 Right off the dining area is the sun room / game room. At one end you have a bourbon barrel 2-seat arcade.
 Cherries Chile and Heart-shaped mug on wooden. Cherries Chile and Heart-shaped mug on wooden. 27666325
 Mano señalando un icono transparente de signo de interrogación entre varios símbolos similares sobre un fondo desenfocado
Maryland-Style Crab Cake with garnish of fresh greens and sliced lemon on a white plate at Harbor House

Task: Transcribe the lines above precisely, keeping each one unchanged.

Response for this exercise:
 Right off the dining area is the sun room / game room. At one end you have a bourbon barrel 2-seat arcade.
 Cherries Chile and Heart-shaped mug on wooden. Cherries Chile and Heart-shaped mug on wooden. 27666325
 Mano señalando un icono transparente de signo de interrogación entre varios símbolos similares sobre un fondo desenfocado
Maryland-Style Crab Cake with garnish of fresh greens and sliced lemon on a white plate at Harbor House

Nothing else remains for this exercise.